Dua Simpatisan Golkar Gugat CLS Menkumham

Karena dinilai telah melanggar Pasal 24 UU Partai Politik.

HAG
Bacaan 2 Menit

Maulana juga berkeyakinan bahwa pengesahan kepengurusan tersebut merupakan bentuk intervensi Menteri Hukum dan Hak Asasi Manusia yang merupakan kader partai politik pendukung Jokowi. "Ini jelas bentuk intervensi Menteri Hukum dan HAM yang merupakan kader partai politik pendukung Presiden Joko Widodo," tambahnya.

Menurut Maulana, Golkar sudah membentuk kepengurusan yang diketuai Aburizal Bakrie.
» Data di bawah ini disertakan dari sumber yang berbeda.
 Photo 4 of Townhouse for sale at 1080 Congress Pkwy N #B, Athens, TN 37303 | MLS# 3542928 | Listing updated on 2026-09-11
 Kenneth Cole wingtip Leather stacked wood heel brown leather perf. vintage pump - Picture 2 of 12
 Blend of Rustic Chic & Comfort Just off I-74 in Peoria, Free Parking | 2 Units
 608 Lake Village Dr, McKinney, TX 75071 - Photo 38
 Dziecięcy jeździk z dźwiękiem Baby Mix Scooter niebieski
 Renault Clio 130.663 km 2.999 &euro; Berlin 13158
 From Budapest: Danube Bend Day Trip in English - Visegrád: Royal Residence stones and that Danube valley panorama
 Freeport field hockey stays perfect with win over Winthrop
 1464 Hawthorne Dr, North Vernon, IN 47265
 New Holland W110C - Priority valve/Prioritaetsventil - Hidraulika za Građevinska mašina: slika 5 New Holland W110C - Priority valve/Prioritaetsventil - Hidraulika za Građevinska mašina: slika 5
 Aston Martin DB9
Kepengurusan itu merupakan hasil Musyawarah Nasional Golkar yang diselenggarakan di Bali. "Munas ini sah karena dihadiri pengurus dewan perwakilan daerah I dan II yang juga sah," ujarnya.

Kemudian, lanjutnya, Agung Laksono yang menolak hasil munas tersebut malah menggelar munas tandingan di Ancol pada 7 Desember 2014. Agung berjanji, jika terpilih dalam munas versinya itu, dia akan keluar dari Koalisi Merah Putih dan mendukung pemerintahan Presiden Joko Widodo. Maulana menilai munas itu tak sah karena tak dihadiri pengurus dewan perwakilan daerah yang membawa mandat resmi.
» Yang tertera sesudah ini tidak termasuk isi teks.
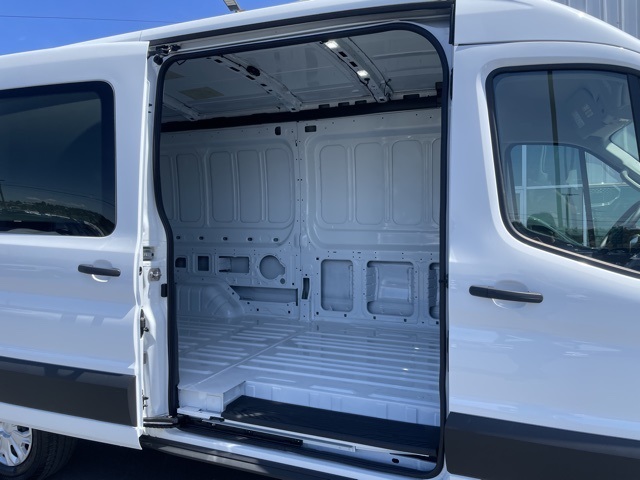 Vehicle image 43 of 50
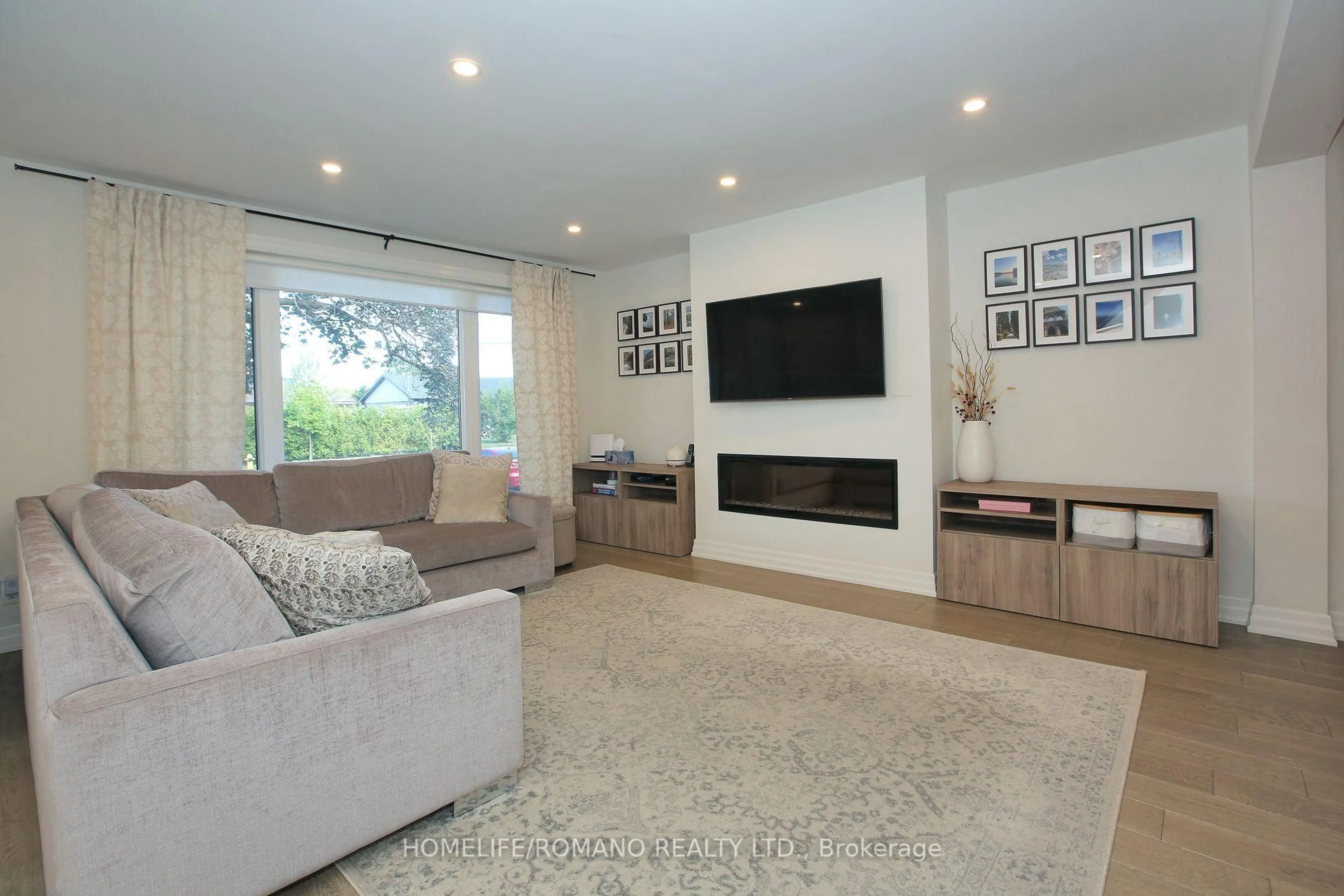 Living room with furniture, unknown for 72 Deverell Cres, Toronto Ontario M3K 1C8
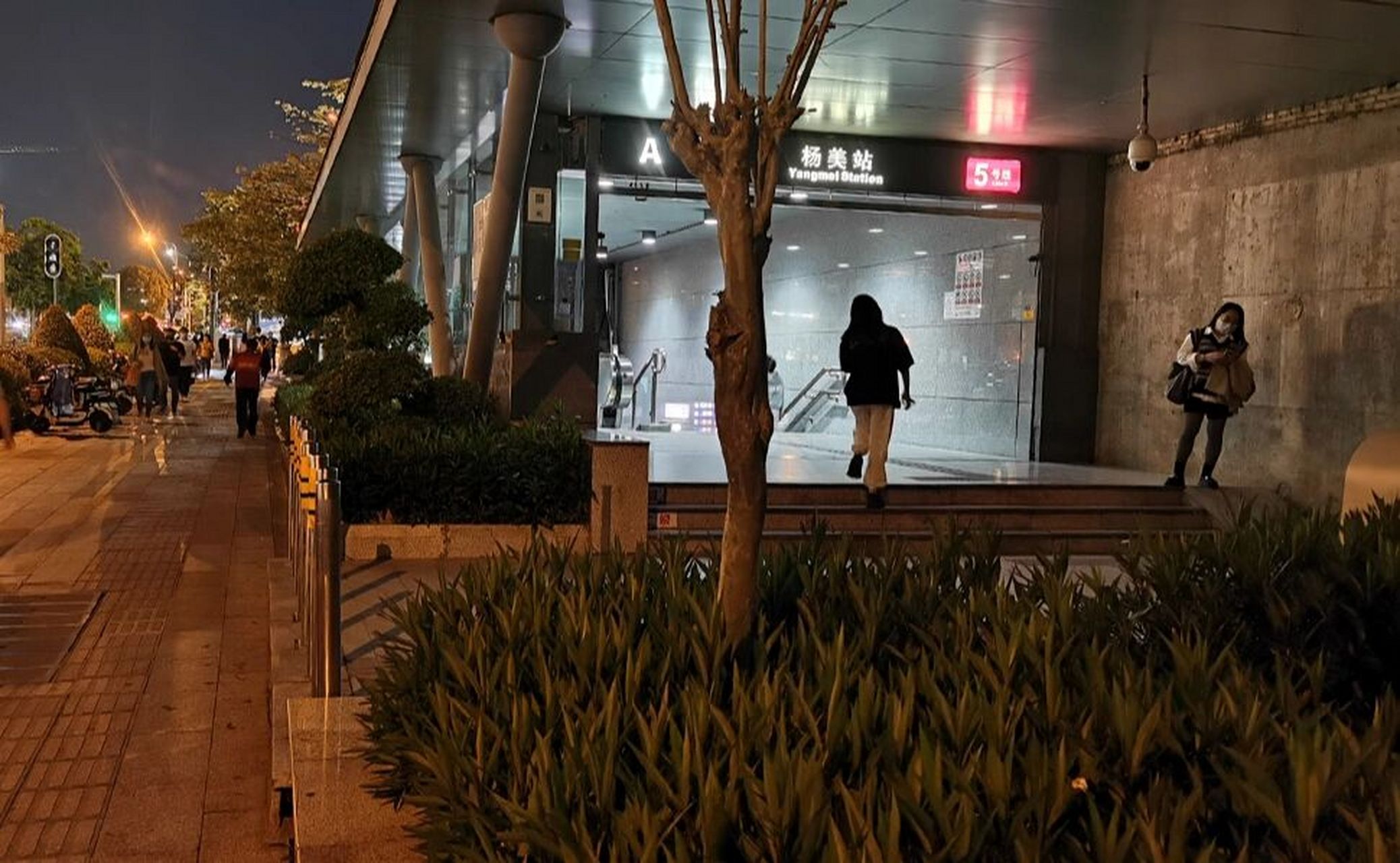 杨美地铁站(深圳),拍摄于2022年4月7号      p1-p4对应杨美abcd入口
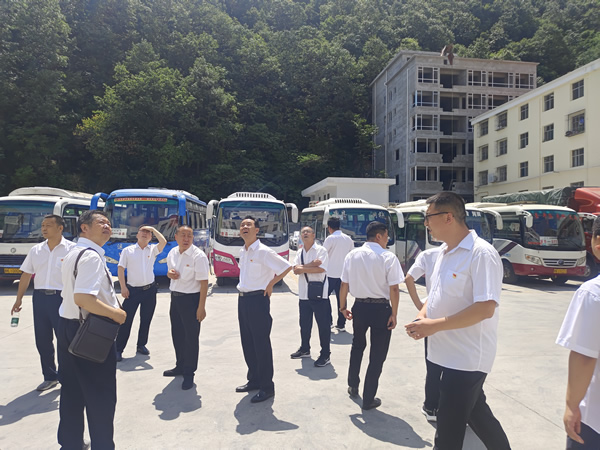 陇运集团公司开展“红色教育强信念 支部联建促发展”主题党日活动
Setelah terpilih, Agung kemudian menggugat ke Mahkamah Partai Golkar. Pada 3 Maret lalu, Mahkamah mengabulkan sebagian permohonan Agung. Hakim Mahkamah, Muladi, mengabulkan sebagian gugatan dengan menerima sebagian hasil Munas Ancol. Muladi mewajibkan kubu Agung mengakomodasi sebagian kepengurusan Munas Bali serta harus mengkonsolidasi selambat-lambatnya Oktober 2016.

Yang aneh, jelas Maulana, kubu Agung mengklaim memenangi gugatan itu dan meminta Yasonna mengesahkan kepengurusan yang dia pimpin. Yasonna kemudian mengakui kepengurusan Partai Golkar kubu Agung Laksono pada 10 Maret lalu.

Melengkapi penjelasan kuasa hukumnya, Nurrohman dan Arifin mengaku sebagai simpatisan Partai Golkar yang bukan dari Kubu Aburizal Bakrie ataupun Agung Laksono menilai pengesahan kubu Agung merupakan suatu pembelajaran politik yang tidak baik oleh Kemenkumham.

"Saya merasa ini tontonan pembelajaran politik tidak baik yang dilakukan Menkumham, seharusnya dia bijak, panutan masyarakat. Perselisihan belum selesai, tiba-tiba dia membuat manuver yang sangat menyakiti masyarakat, ini mempertontonkan politik yang tidak menyenangkan," ujar Arifin kepada wartawan.

Sebelumnya, Menkumham Yasonna Laoly menegaskan bahwa keputusannya  diambil dengan berdasarkan UU No.2 Tahun 2011tentang Perubahan Atas UU No.2 Tahun 2008 Tentang Partai Politik, khususnya Pasal 32. "Saya sebagai Menkumham saya garansi 100 persen saya melakukan keputusan berdasarkan UU Parpol Pasal 32,” ujarnya usai bertemu pimpinan MPR, di Gedung MPR, Kamis (12/3).

Ia mempersilakan jika ada pihak yang merasa keberatan terhadap keputusan ini. Meski begitu, Yasonna mengatakan, keputusan diambil setelah dirinya mengundang sejumlah pakar dan tim ahli Kementerian Hukum dan HAM, sehingga tak ada kesengajaan keberpihakan ke salah satu pihak dalam keputusan itu.

“Jadi tidak ada preferensi buat saya, keputusan sesuai ketentuan perundang-undangan dan fakta hukum,” tutur Yasonna.